During the WSIMR test, animals were placed in a test cage and left to habituate for 1min. Subsequently, whiskers on either side were stroked in a rostro-caudal direction using an applicator stick. Each trial consisted of multiple strokes at 3 Hz frequency and up to 10 trials on each side of the animal with an inter-trial gap of 1 min. Responses were scored on a scale of 0–5. Active avoidance by a quick backward head movement and away from the applicator stick followed by running away with 1–2 strokes = 5; quick backward head movement and away from the stroking stick with 1–2 strokes followed by a passive slow turn and walk away in a different direction = 4; slower head movement after 2–4 strokes away from the stick with a passive turn in a different direction =3; no backward head movement but only a slow head movement away from the stick after 4–8 strokes with no walk away = 2; no head movement, slow turn away or slow walk away reaction to stroking beyond 9 strokes = 0. All behaviors were scored live and the average score of 10 trials was considered.

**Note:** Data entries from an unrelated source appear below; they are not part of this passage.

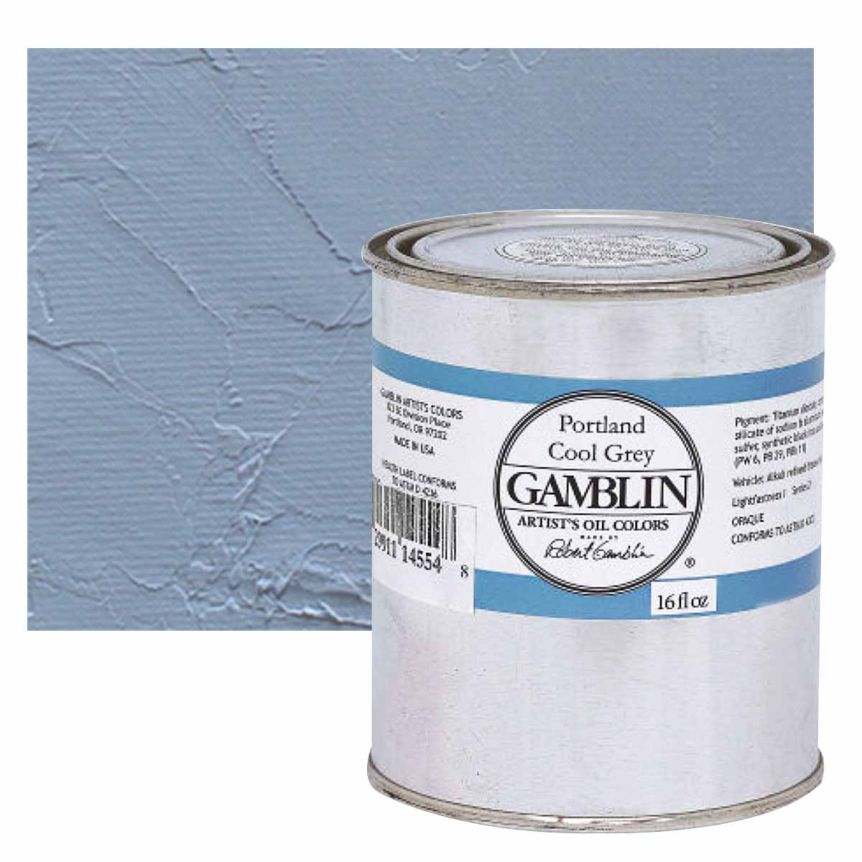 Gamblin Artists Oil - Portland Cool Grey, 16oz Can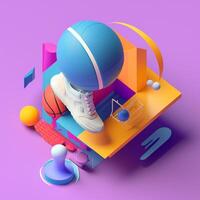sports shoes and geometry in trending color palette for advertising with photo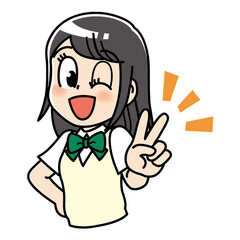 高校生　女子　女子高生　ピース　ピースサイン　 勉強　制服　学生　中学生　中高生　生徒　ウインク　教育　学校　スクール　授業　学習　勉強　予備校　塾　試験　受験生　受験　夏期講習　夏服　10代　学生服　半袖　かわいい　若い　女子　女の子　女性　女子学生　女　アニメ　マンガ　まんが　漫画　キャラクター　元気　manga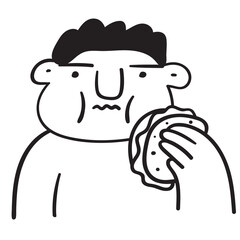 Fat boy eat taco. Outline vector icon on white background.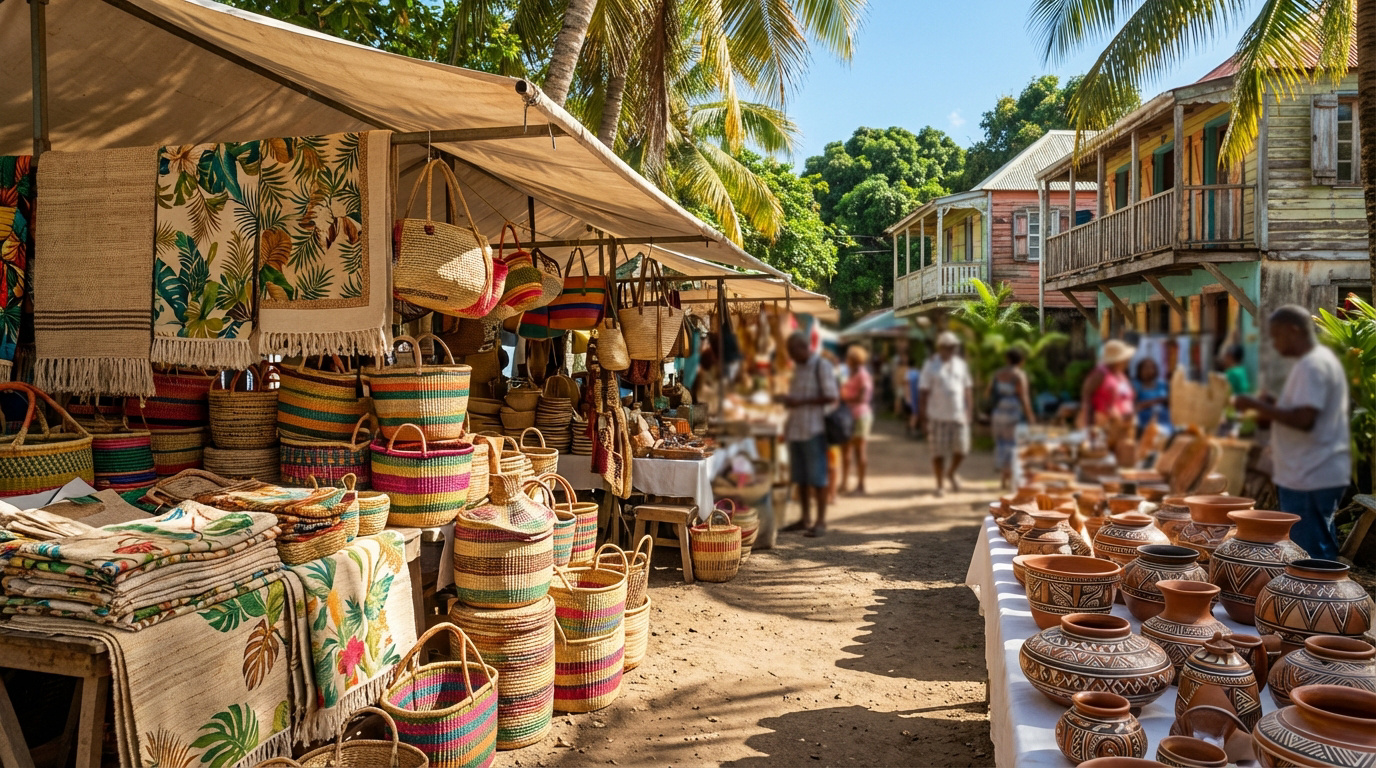 Un marché artisanal en plein air en Guadeloupe, avec des étals remplis de paniers tressés colorés, de tissus à motifs tropicaux et de poteries.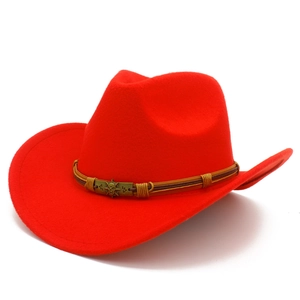 Red wool felt cowboy hat with brown leather band and bronze skull metal plaque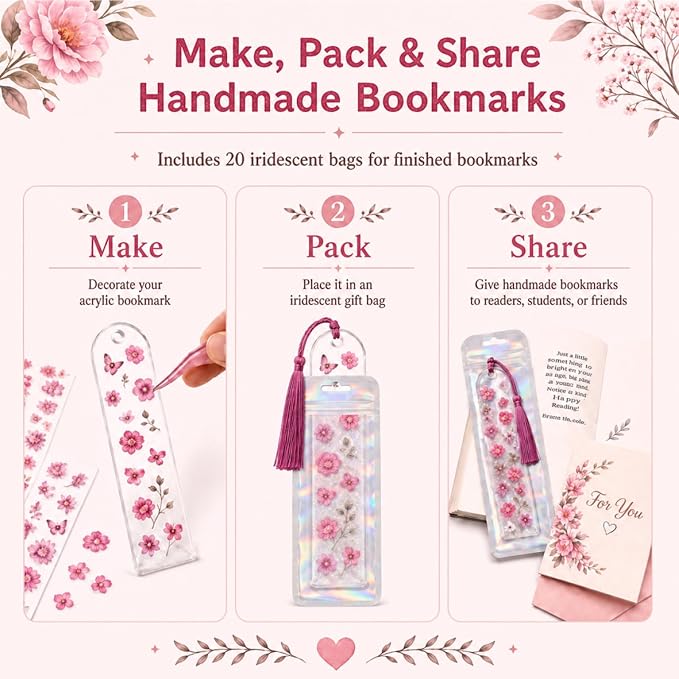 DIY Bookmark Making Kit, 20 Clear Acrylic Bookmark Blanks 5.9 x 2 in - Image 7
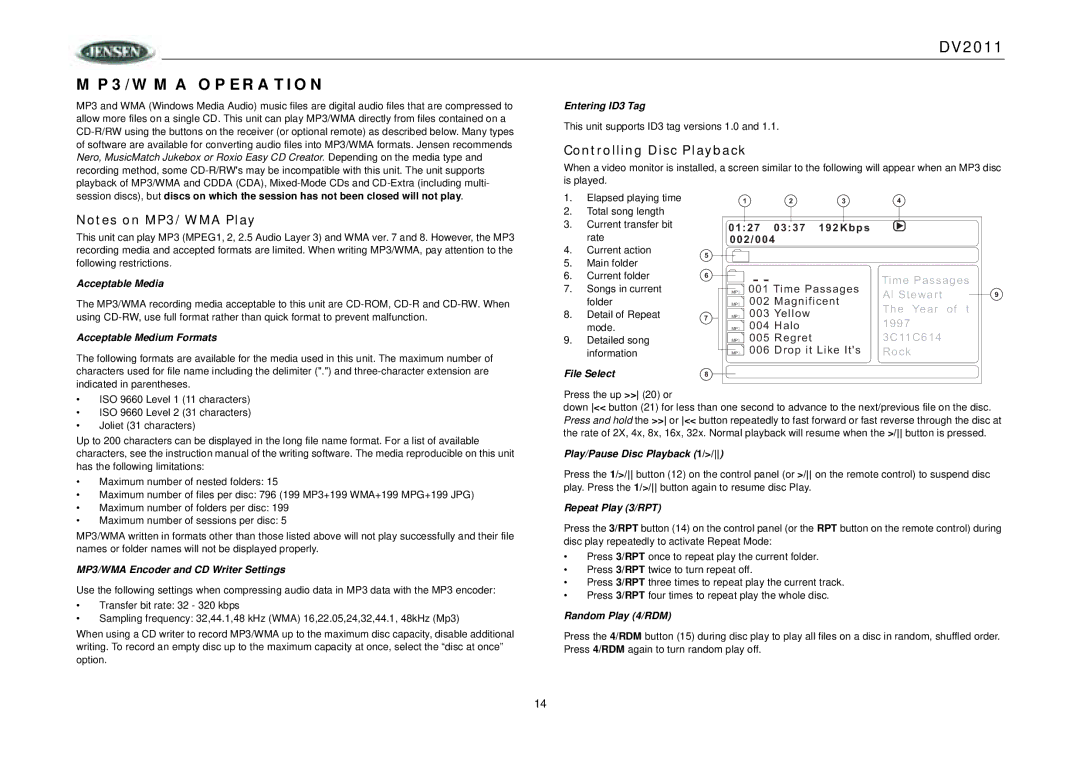 RCA DV2011 operation manual MP3/WMA Operation, Entering ID3 Tag, Acceptable Media, Acceptable Medium Formats 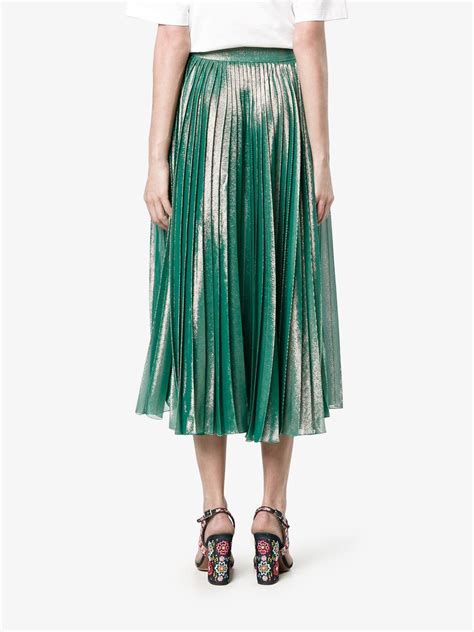 gucci pleated metallic skirt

For the forelimb usage test, each animal was observed for 5 minutes duration in a test cage 24, 48, and 72 hours after injury. Active exploration of vertical surfaces by rearing up on their hind limbs and wall surface exploration with their forelimbs were observed and scored. Number of independent wall placements observed for contralateral, ipsilateral, or both forelimbs were scored as a percentage of total forelimb wall placements. Percentage forelimb usage during an observation duration of 5 minutes was determined.

Results

The results summarize the behavioral and brain wide metabolome effects of Ru360 treatment made during the acute/subacute stage (0–72 hours) after a TBI.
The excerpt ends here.